Parler pour ne rien dire. C’est généralement ce qu’on peut dire sur la communication de nos sportifs. Joueurs ou athlètes, entraîneurs et dirigeants, on a l’impression de revivre le même calvaire chaque fois qu’on les entend communiquer à leur manière. Nous ne parlons pas des déclarations et de la présence sur les médias classiques (journaux, radio et télévision), mais aussi sur les «nouveaux» médias qui cartonnent dans le sport, à savoir les sites électroniques, et la communication alternative sur les réseaux sociaux, qui, en ce moment, gagne beaucoup de terrain sur les médias classiques. Par rapport aux grandes nations du sport, il est évident que la communication de nos sportifs est décalée. Posons le problème autrement : pourquoi on est mal à l’aise quand on entend et qu’on regarde la plupart des acteurs sportifs tunisiens parler? Ce n’est pas une impression, ni un préjugé, c’est un fait partagé et admis. Les clubs, les fédérations ne savent pas communiquer, mais se contentent d’informer et de servir l’image du président en exercice.
Les entraîneurs, joueurs et dirigeants, même sur le sport de haut niveau, ne communiquent même pas ou font le strict minimum.
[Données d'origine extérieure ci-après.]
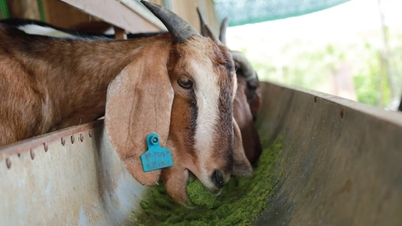 Membuka jalan untuk membangunkan produk kambing dan biri-biri yang memenuhi piawaian Halal.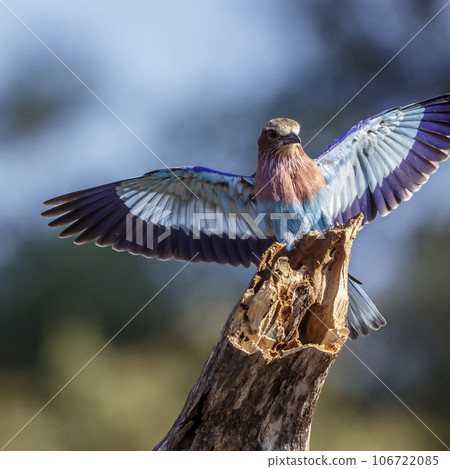 Lilac breasted roller in Kruger National park, South Africa 106722085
Pire, ils peuvent se tromper de mode de communication en disant n’importe quoi, n’importe comment et n’importe quand. Ils ne se retiennent pas, chauffent l’ambiance et les esprits au risque de tomber si bas et, dans d’autres cas, ils se taisent et s’éclipsent quand il faut adresser des messages et soigner une image. La communication est plus qu’une science, elle est un effort minutieux, une alchimie et une intelligence qui permettent d’informer le public, de le rassurer, de le fidéliser, mais aussi d’attirer des sponsors et de développer l’audience. Ça s’enseigne, ça s’exerce, ça se réglemente et ça demande des investissements.
Il y a donc un «gap» effrayant par rapport aux sportifs à l’étranger. Ceux qui savent bien que la communication est un domaine aussi stratégique que celui sportif et économique. Et malheureusement, on ne veut pas apprendre et innover, en se contentant de passer par les médias classiques via le même contenu, et pire, on «dégrade» le contenu et le contenant. Vous pouvez regarder les plateaux télé et les pages facebook pour voir combien la communication dans le sport tunisien est aussi chaotique et improvisée.
Spécialistes et intrus
La communication, étant un domaine pluridisciplinaire et qui ne concerne pas seulement les relations médias, est confiée dans les pays développés à des spécialistes. Le responsable communication n’est pas l’attaché de presse, et n’est pas le «community manager». A chacun son territoire et ses obligations. Nos sportifs, surtout de haut niveau, prennent-ils soin de l’aspect communication ? Dans la majorité des cas, ils sont livrés à eux-mêmes tâtonnant et faisant tout pour séduire, au risque de déranger. Ils sont otages du matraquage médiatique non étudié, ils n’investissent pas sur des spécialistes qui vont leur tracer une approche de communication «rentable» même à court terme. On n’a pas encore perçu, dans notre sport, l’importance capitale d’un responsable communication qui veille à diffuser une image positive et qui sait comment s’adresser au large public, mais aussi aux institutions sportives et aux sponsors. Quand on ne communique pas, c’est une tare, quand on communique mal (mauvais ou messages déplacés), ça l’est aussi. Le sport, c’est un marché au potentiel énorme pour communiquer.
Mais faisons le plus urgent : ancrer la spécialité dans nos clubs et mettre fin à cette communication violente, uniquement virtuelle et partisane, et chasser les intrus qui dilapident les budgets et les montants importants investis.